▶ **Task prompt**
Leaving pictures aside, set down each line exactly, from the first line of the data to the line with "Image of Kids", both included.

▶ **Supplied records**
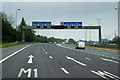 SE3128 : Sign Gantry over the M1 at Belle Isle Interchange (Junction 43) by David Dixon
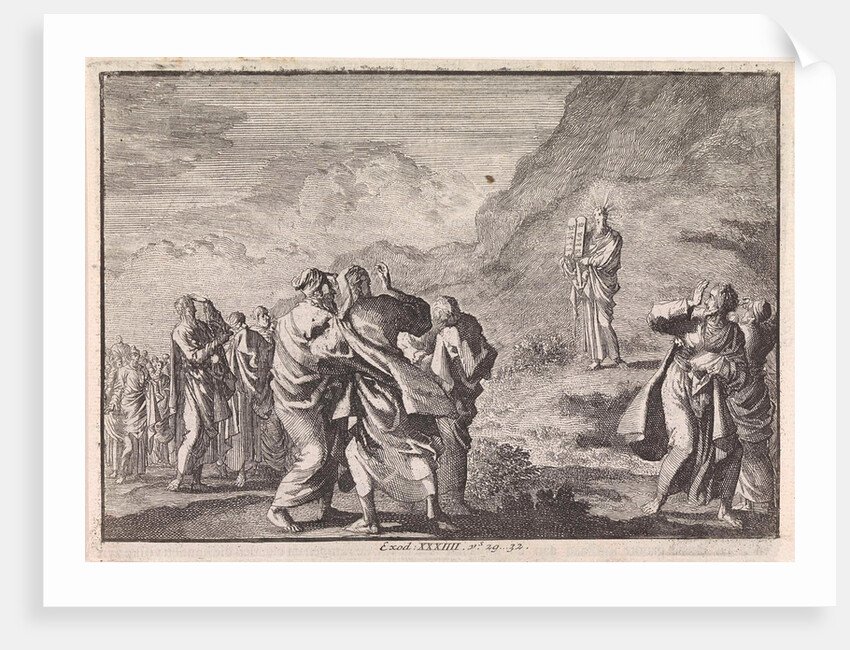Moses received the law tables and displays them to the people by Pieter Mortier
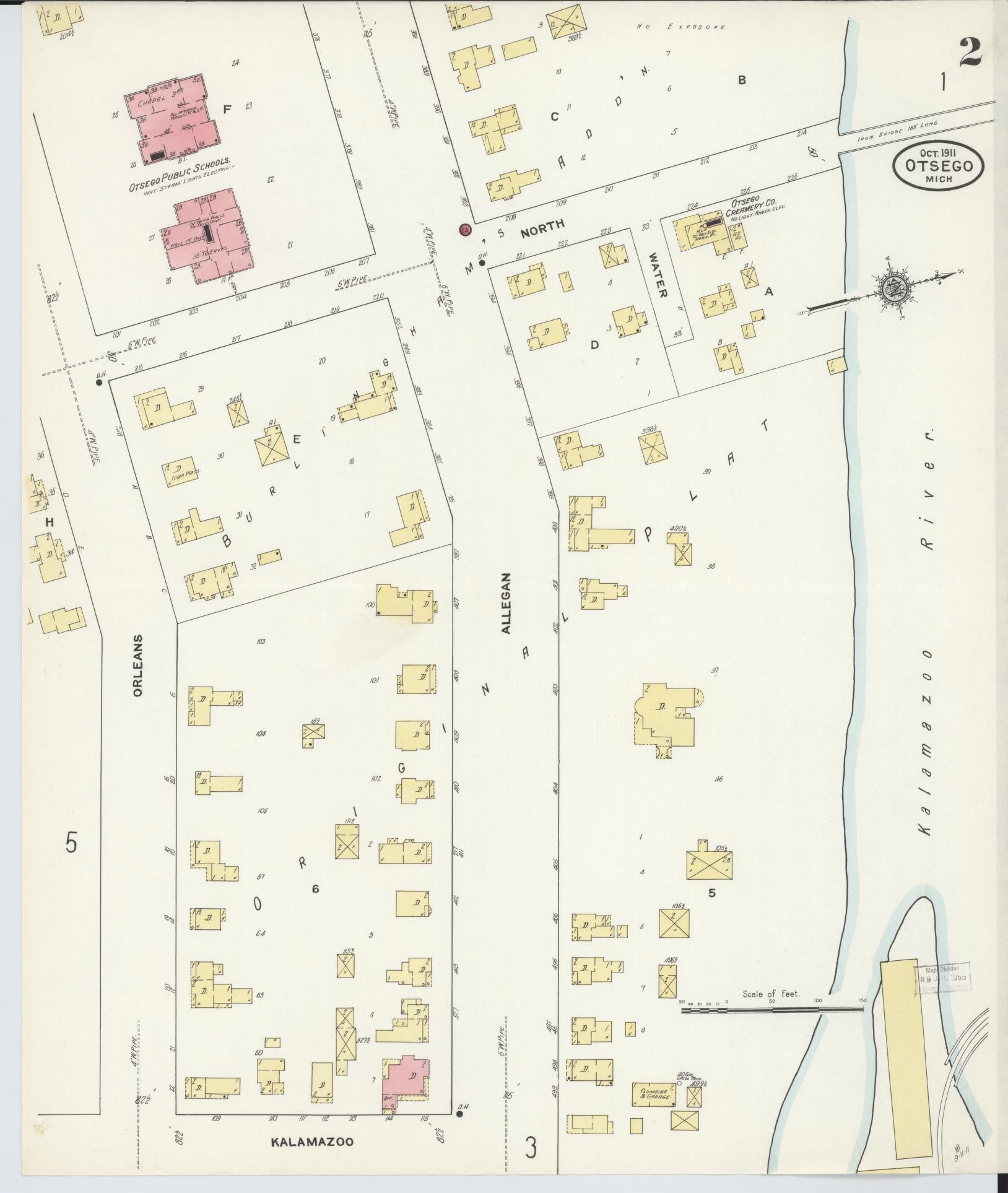 Sanborn Fire Insurance Map from Otsego, Allegan County, Michigan (1911), Sheet #0002 - Complete Map Set gallery image, historic Sanborn map, vintage wall art, Michigan Michigan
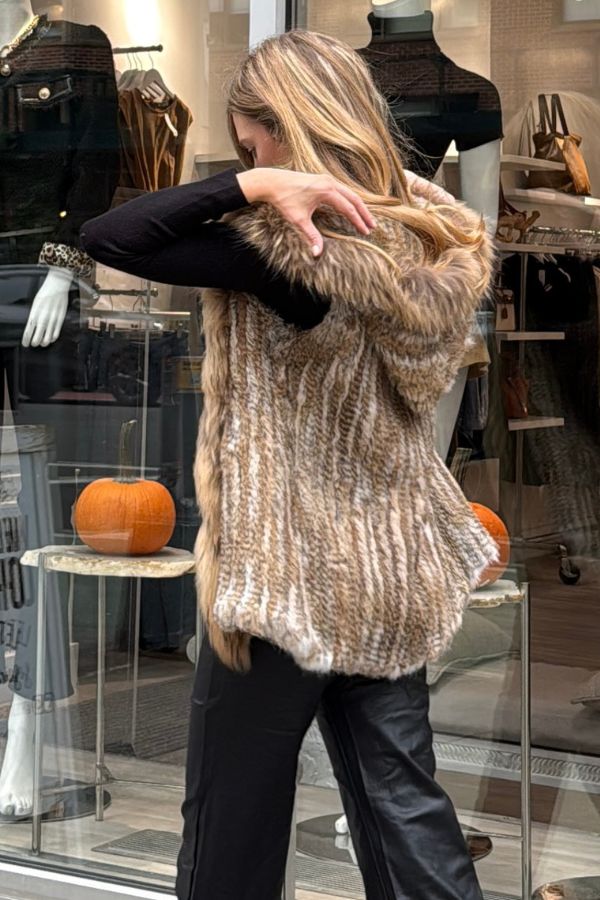 The Sky Fur Hooded Vest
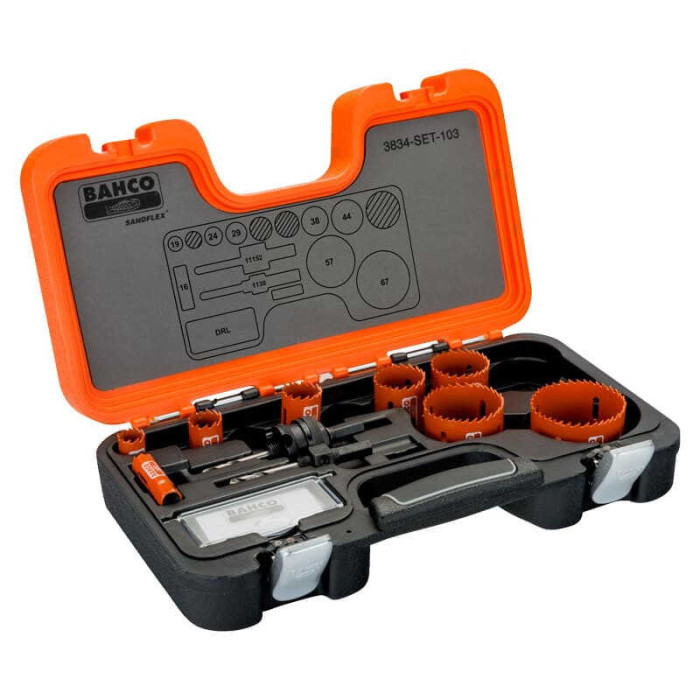 Jeu 11 scies trépans bimétal Sandflex 16-67 mm Bahco 3834-SET-103 | ProForPro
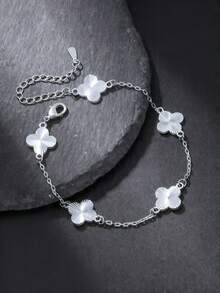 1条激光雕刻四叶草手链，轻奢，高档手工女士手链 - 銀色 - 查看 1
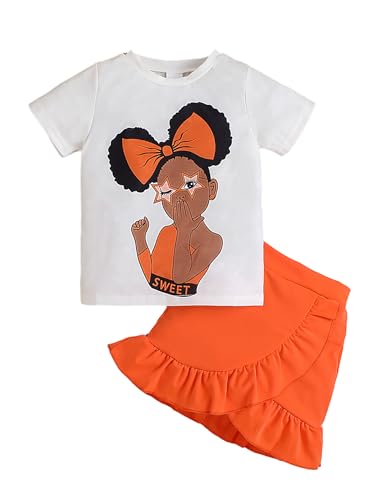 Image of Kids Toddler Girl Summer Clothes Letter Printed T-Shirt Top+ Floral Skirt 2pcs Girl's Skirt Set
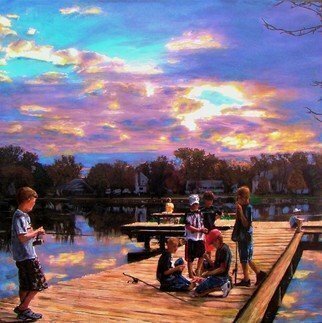 Randy Sprout; Boys On The Dock, 2018, Original Painting Oil, 30.3 x 30 inches. Artwork description: 241 30X30 Acrylic on canvas: This is the city dock in Emmetsburg Iowa where an entire community learned to swim, fish, and play ice hockey in the winter. Late afternoon of an Indian summer these boys were deep into technical discussion of what would work to catch the ...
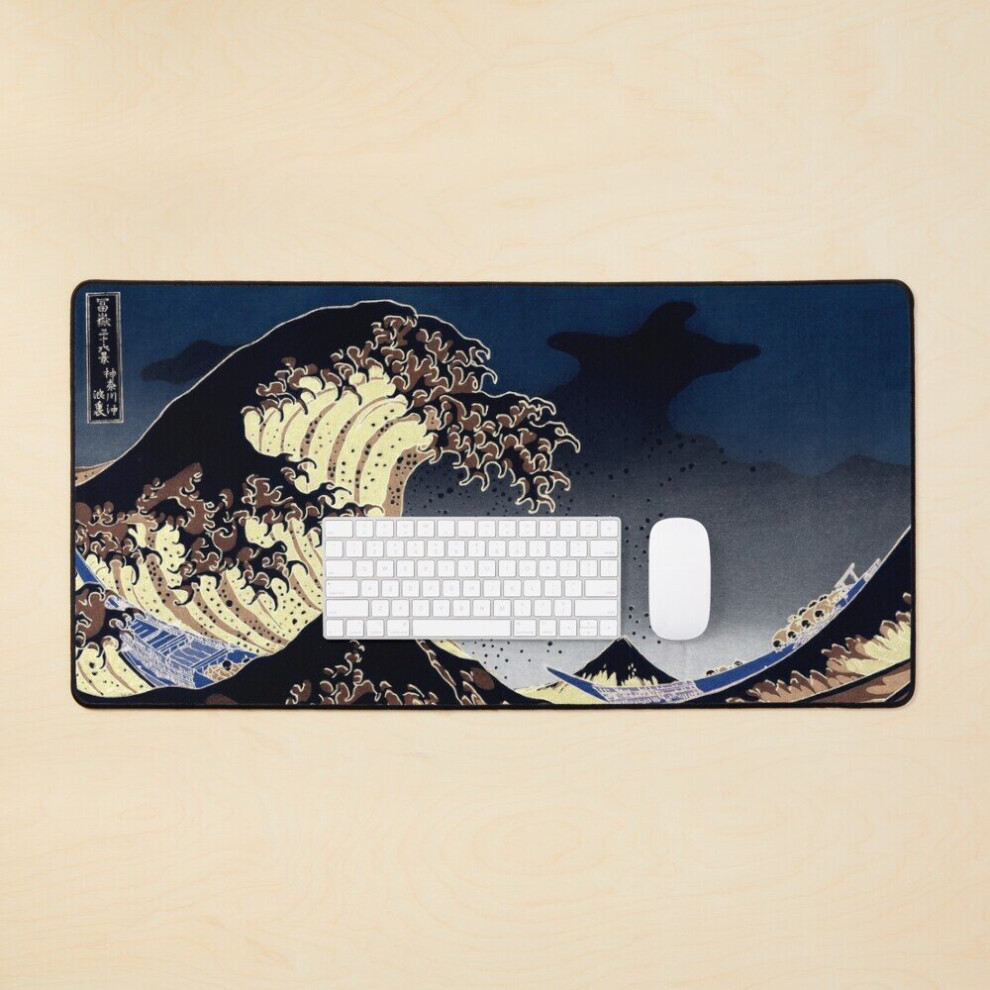 Desk Mat The Great Wave Off Kanagawa - Hokusai - Navy Color Large Gaming Mouse Pad 35X16 Inch Blue 7802738342666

▶ **Solution to this problem**
 SE3128 : Sign Gantry over the M1 at Belle Isle Interchange (Junction 43) by David Dixon
Moses received the law tables and displays them to the people by Pieter Mortier
 Sanborn Fire Insurance Map from Otsego, Allegan County, Michigan (1911), Sheet #0002 - Complete Map Set gallery image, historic Sanborn map, vintage wall art, Michigan Michigan
 The Sky Fur Hooded Vest
 Jeu 11 scies trépans bimétal Sandflex 16-67 mm Bahco 3834-SET-103 | ProForPro
 1条激光雕刻四叶草手链，轻奢，高档手工女士手链 - 銀色 - 查看 1
 Image of Kids Toddler Girl Summer Clothes Letter Printed T-Shirt Top+ Floral Skirt 2pcs Girl's Skirt Set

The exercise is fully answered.